**What is required:** Omit the pictures while printing every entry below exactly as given.

**Extracted data:**

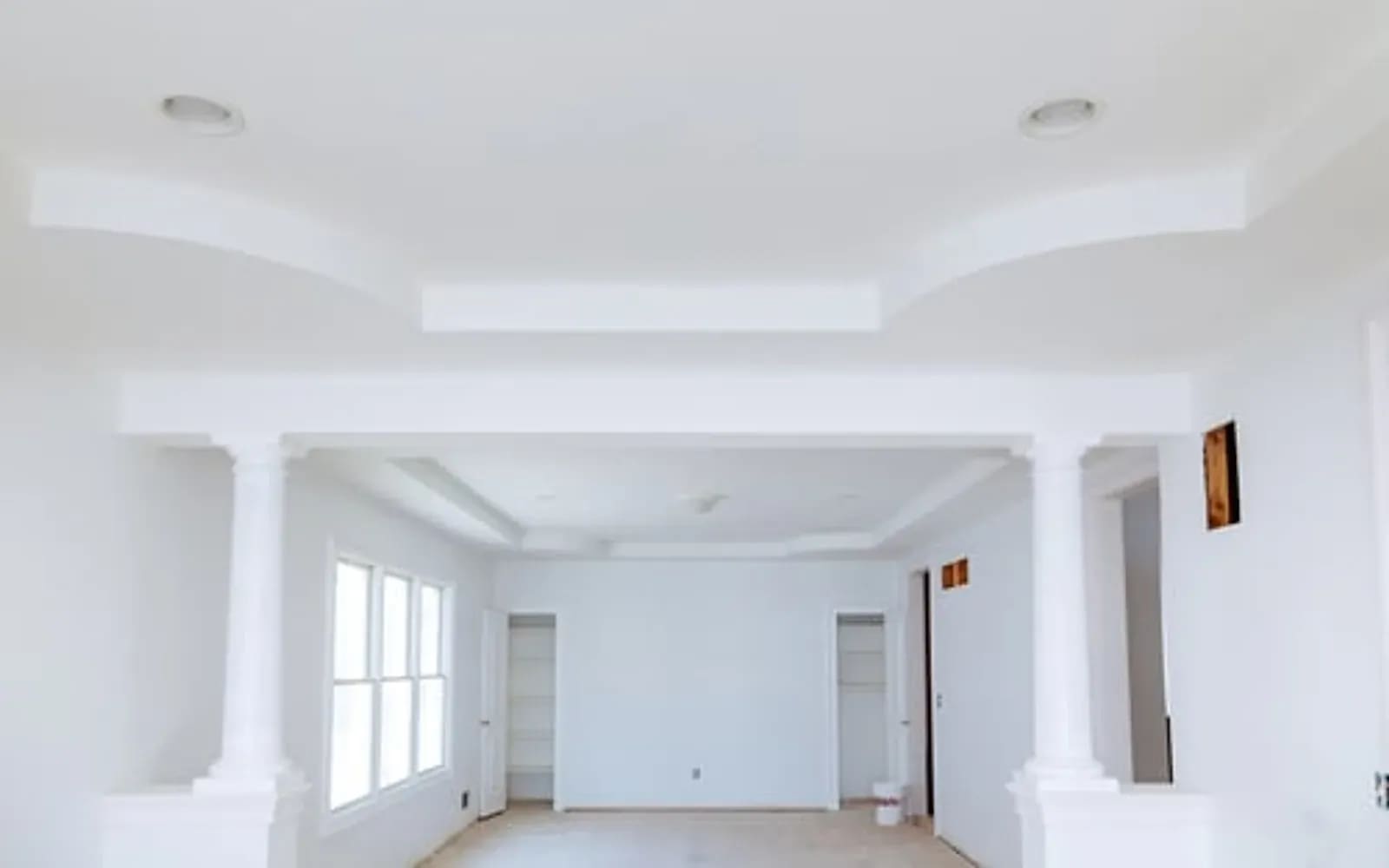 Formal room with tray ceiling, crown molding and column detail in a luxury home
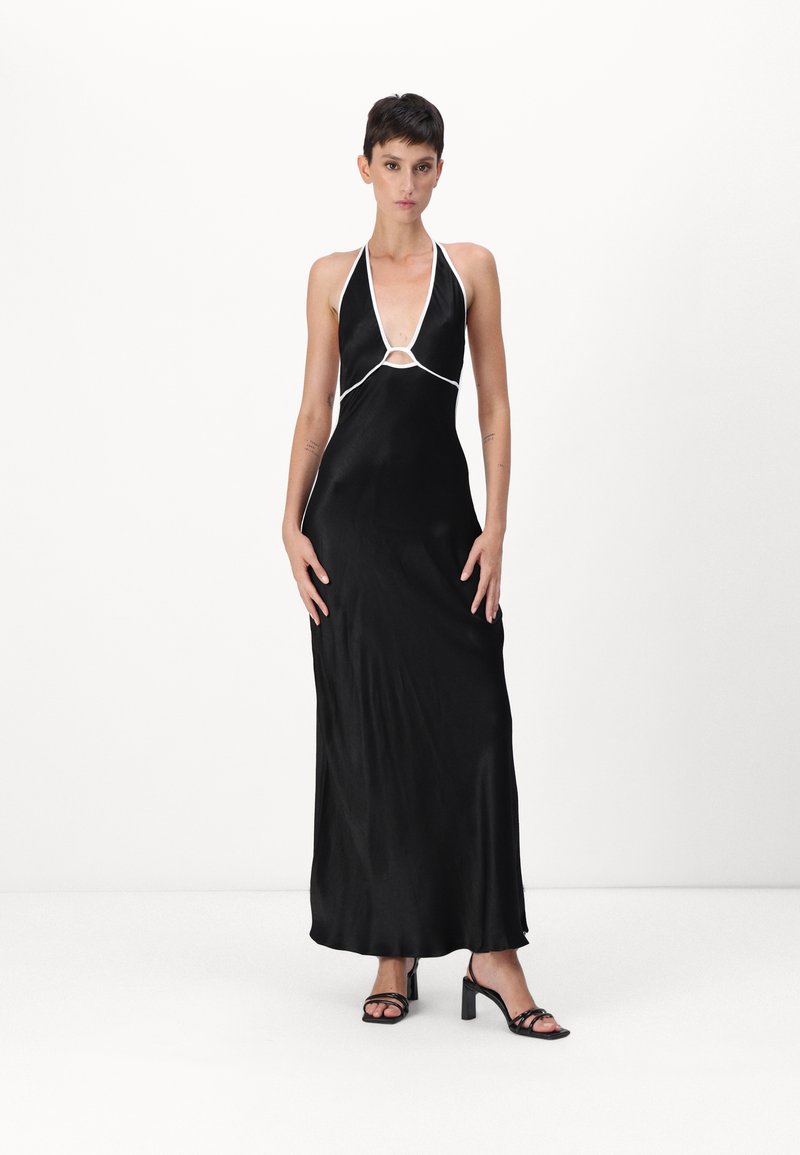 Black satin halter dress with white accents, featuring a deep V-neck, keyhole cutout, and a flowing silhouette. Worn with black heeled sandals.
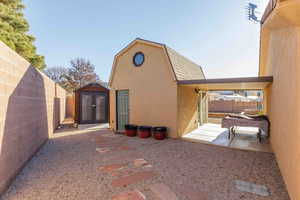 View of home's exterior featuring a fenced backyard, an outbuilding, stucco siding, and a gambrel roof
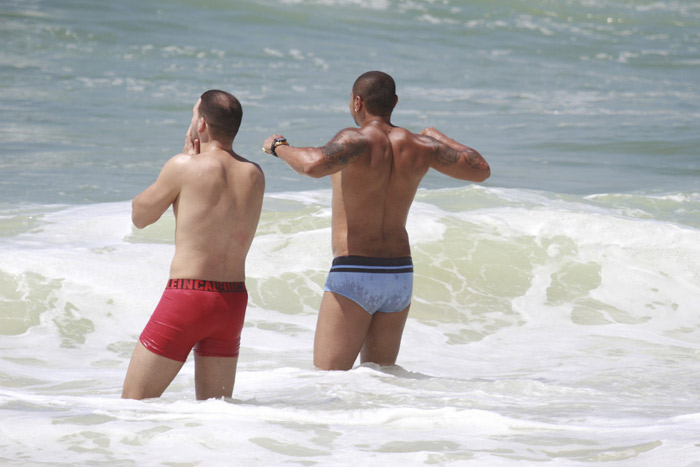 De sunga azul, Naldo se refresca na praia da Barra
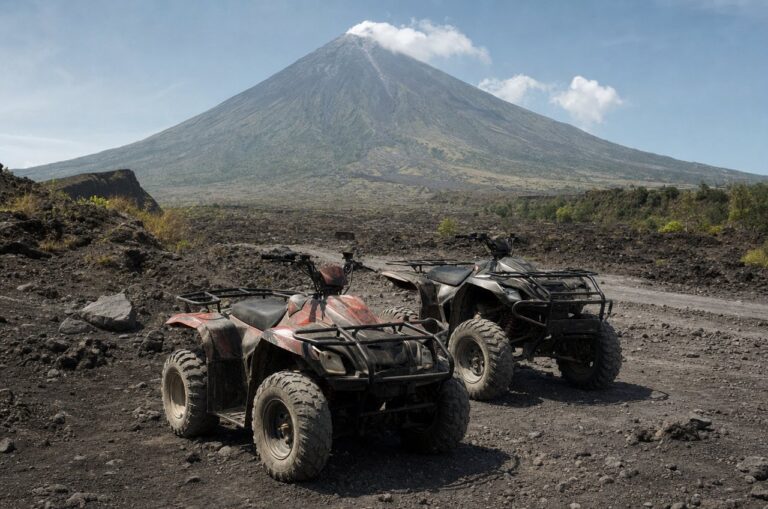 Two ATVs parked on the black lava trail with Mayon Volcano rising behind them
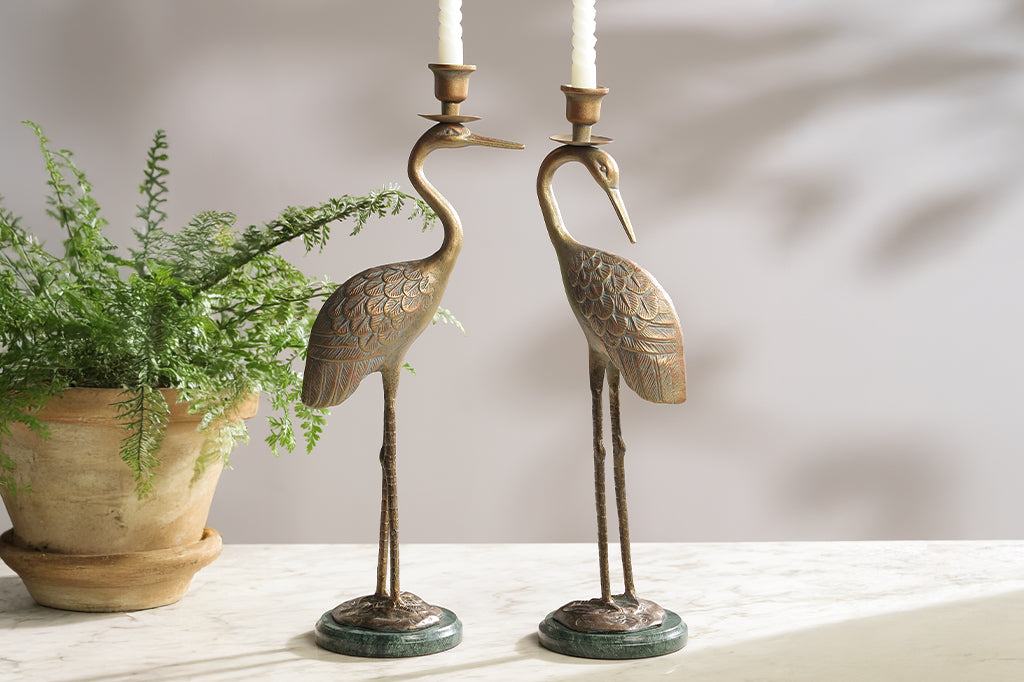 cast metal crane taper candleholders with marble base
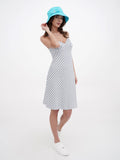Front view of woman in turquoise sun hat and striped summer dress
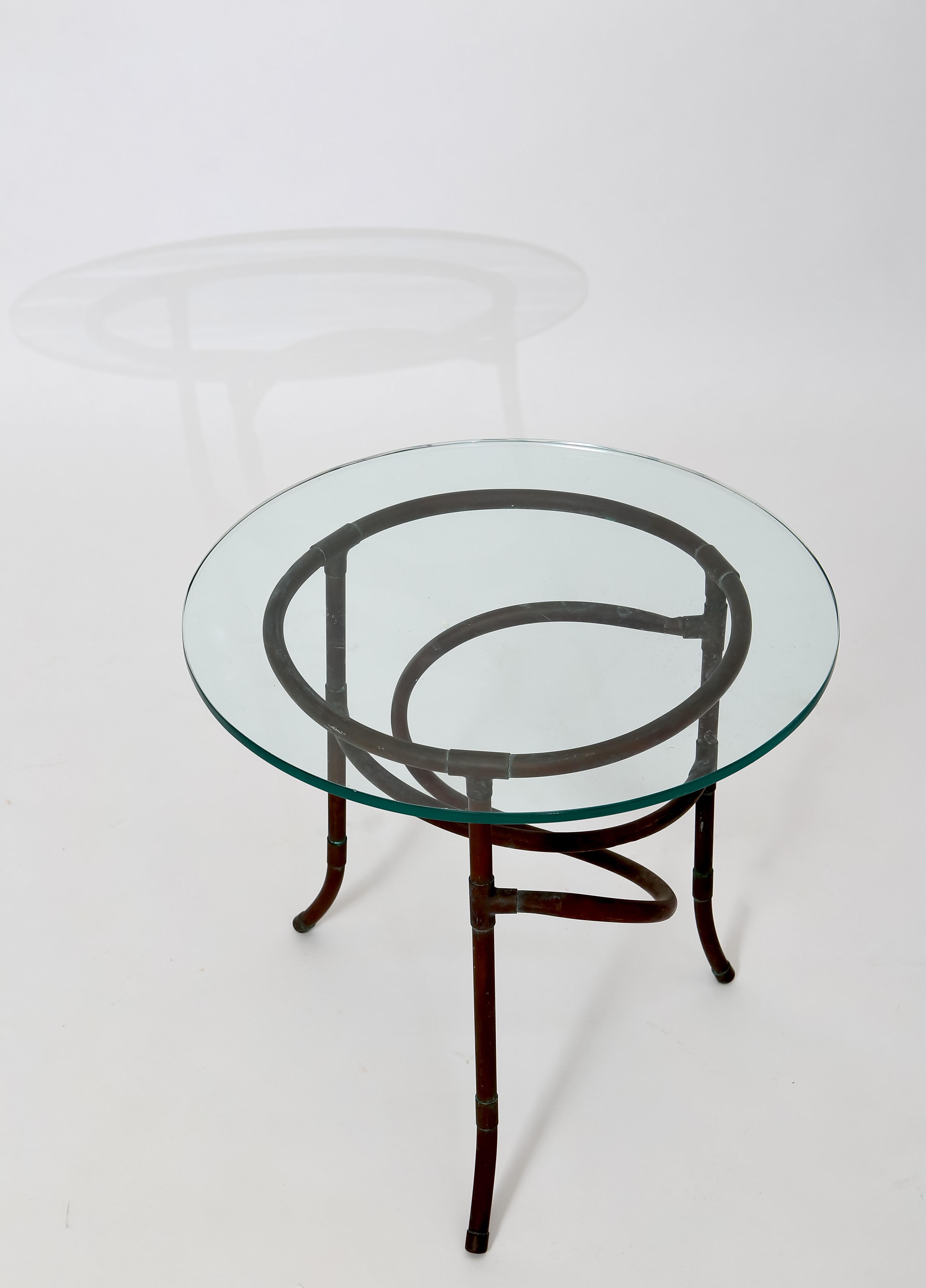 Constructed of copper tube, this interestingly sculptural accent table is a perfect statement piece next to your favorite chair. Glass top has a clean crisp edge and is 1/2” thick. Hand made circa 1980s.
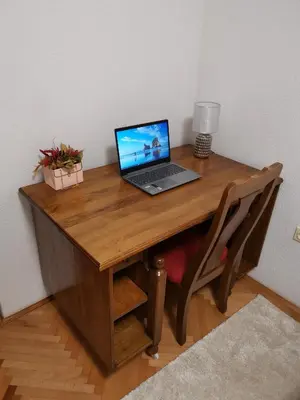 a laptop computer sitting on top of a wooden desk at Harmonija - Trn, Banjaluka in Laktaši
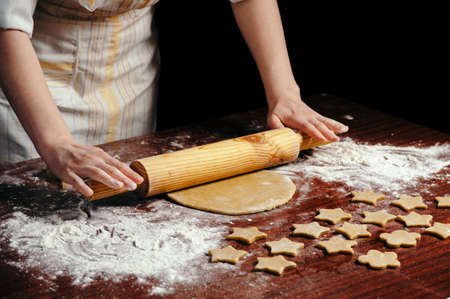 A woman in the kitchen is rolling a dough on a wooden table with a wooden rolling pin. She molds cookies in the form of asterisks.の写真素材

**Answer space:**
 Formal room with tray ceiling, crown molding and column detail in a luxury home
 Black satin halter dress with white accents, featuring a deep V-neck, keyhole cutout, and a flowing silhouette. Worn with black heeled sandals.
 View of home's exterior featuring a fenced backyard, an outbuilding, stucco siding, and a gambrel roof
 De sunga azul, Naldo se refresca na praia da Barra
 Two ATVs parked on the black lava trail with Mayon Volcano rising behind them
 cast metal crane taper candleholders with marble base
Front view of woman in turquoise sun hat and striped summer dress
 Constructed of copper tube, this interestingly sculptural accent table is a perfect statement piece next to your favorite chair. Glass top has a clean crisp edge and is 1/2” thick. Hand made circa 1980s.
 a laptop computer sitting on top of a wooden desk at Harmonija - Trn, Banjaluka in Laktaši
 A woman in the kitchen is rolling a dough on a wooden table with a wooden rolling pin. She molds cookies in the form of asterisks.の写真素材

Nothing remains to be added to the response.